Sliver triangles are avoided via the use of threshold. For a given cloud of points, multiple triangulation combinations are possible, but many include sliver triangles. For an example of this, see slide 5 of this presentation. By setting a threshold of a larger angle, say 20 degrees, we can toss resulting triangulation combinations where one or more angles in any of the triangles composing the total triangulated geometry are less than that threshold. By using a larger angle, such as 20 degrees, we can safely ensure that sliver triangles are parsed out of the resulting triangulation.

Note: A special thanks to Geoff Boeing for showing me this methodology! Without him demonstrating this method, I’d likely still be performing some sort of points grid overlay to get representative points from a geometry!

Implementing a constrained Delaunay triangulation

constrained_res

Running the constrained Delaunay triangulation results in a dictionary which describes all vertices and edges (segments), within the dictionary. Using the Triangle library’s helper method tplot, we can see what the new triangle looks like (as in the above image).

contrained_polygonized

We can now use that dictionary to craft new polygons of each of those triangles, as in the above image.

contrained_points

The representative cloud of centroids now better maps to the original geometry shape (per the above image). This is in contrast to a single point that would have fallen in the middle of the geometry. In this case, we have increased the number of representative points from 1 to 51 points.

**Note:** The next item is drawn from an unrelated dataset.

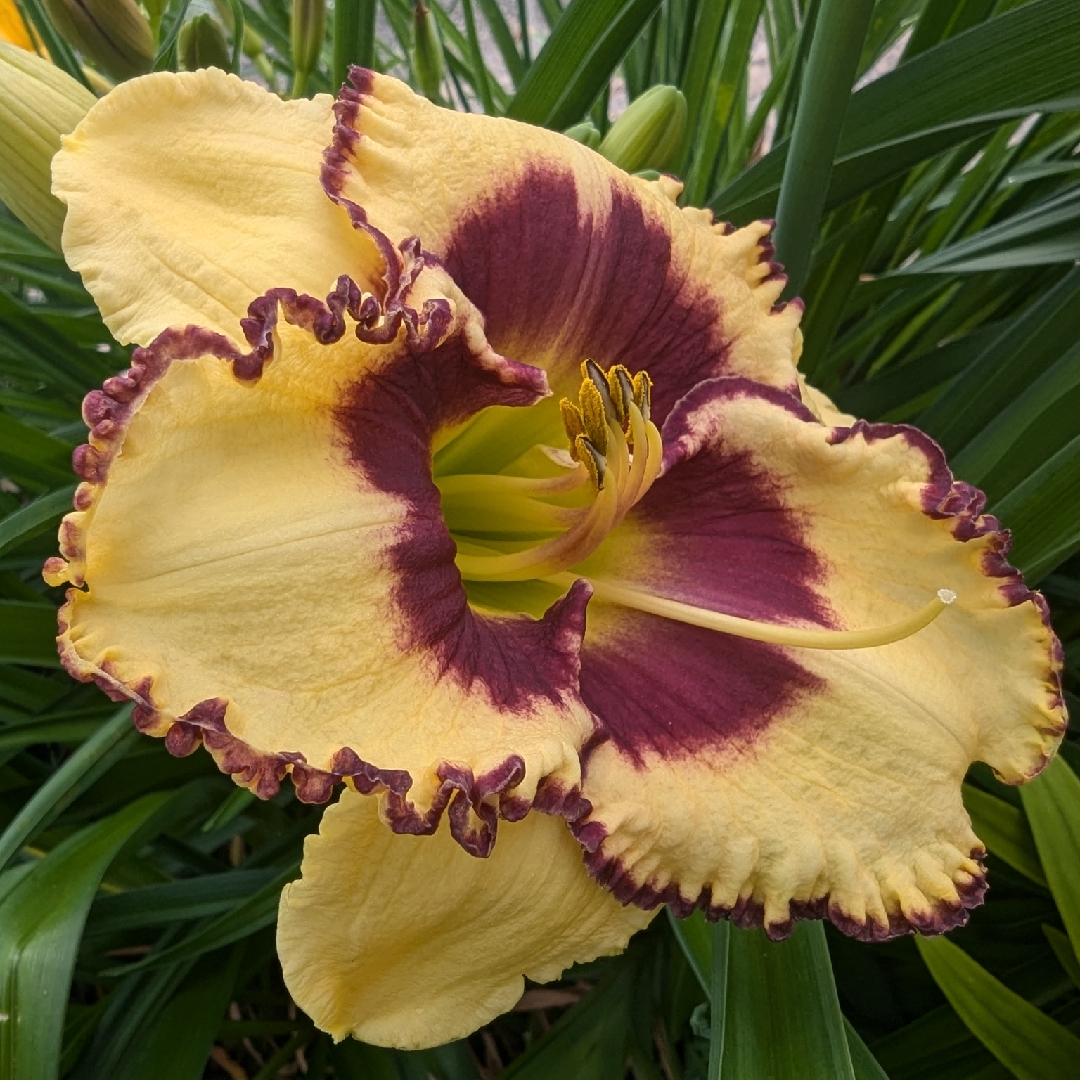 Daylily Adamas in the GardenTags plant encyclopedia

Here’s the script used to create that triangle:

# break out coordinates
c = list(poly.exterior.coords)

# and vertices
v = np.array(c)

# and indices
i = list(range(len(c)))

# segments
s = np.array(list(zip(i, i[1:] + [i[0]])))

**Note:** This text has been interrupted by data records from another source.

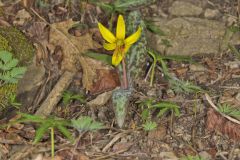 Yellow Trout- Lily, Erythronium americanum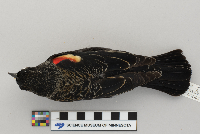 Agelaius phoeniceus image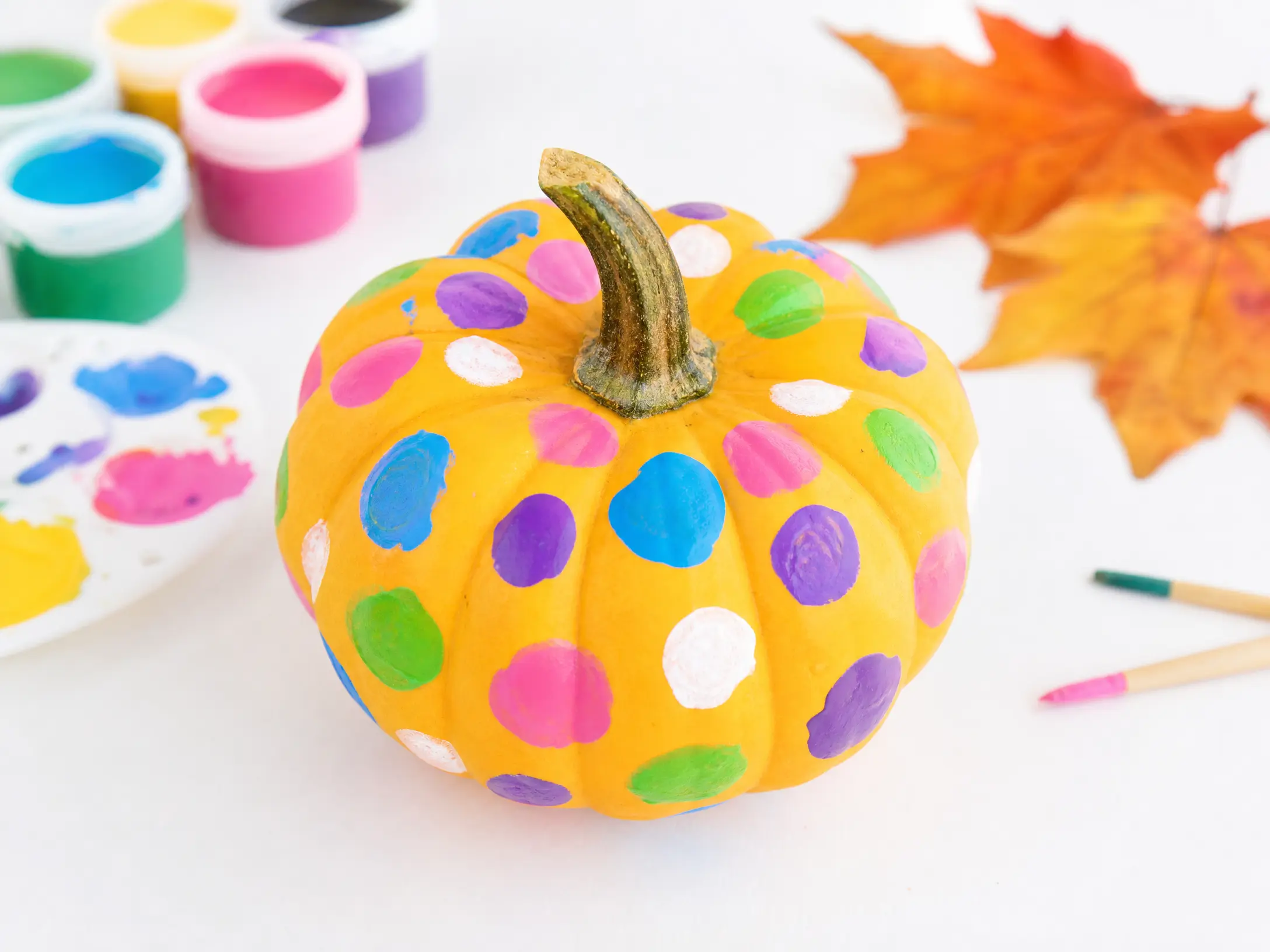 Mini pumpkin covered in colorful painted polka dots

# 'p': planar straight line graph
# 'q20': indicates triangles need a min angle of 20˚
cndt = triangle.triangulate(tri={'vertices': v, 'segments':s},
                            opts='pq20')

Observe an example geospatially

site

Let’s look at what happens when we place that geometry in a real world setting. First, let’s observe the site that this project is within.

site_with_park

And now we can add the park to that site.

simple_buffer_capture

If we buffer that site, we can see the number of points that would fall within “range” as being near this park. Yes, I know the right thing to do here would be to actually use the network to calculate which points have access to the park, but for now I am just going to use spatial buffers as it is more visually clear and gets the point across.

single_point_capture

If we just take a single centroid representative point of this park, we can see that we in no way capture the same amount of points. It will look like this neighborhood has far lower accessibility to this park than it indeed does.

delaunay_in_site

Now let’s triangulate the original park. We can see how it is now composed of the same 51 triangles from earlier.

delaunay_in_site_centroids

And, again, we can see the result of getting the centroids from each of the triangles. We now have a point cloud of points that “looks” more like the original parent geometry.

delaunay_in_site_centroids_buffered

Buffering these points, we end up with a catchment area that far better resembles the original image.

delaunay_in_site_centroids_buffered_captured

This point is crystalized when we observe the points that fall within the capture area, which is nearly all those from the original geometry buffer.

As was acknowledged earlier, a more correct strategy would be not have buffered the geometry and points, but to have then applied the points to a network graph and crawled that to get access levels. But, for the sake of visualization, this method is sufficient for illustrating the utility of the Delaunay triangulation method in creating better point cloud abstractions of complex geometries.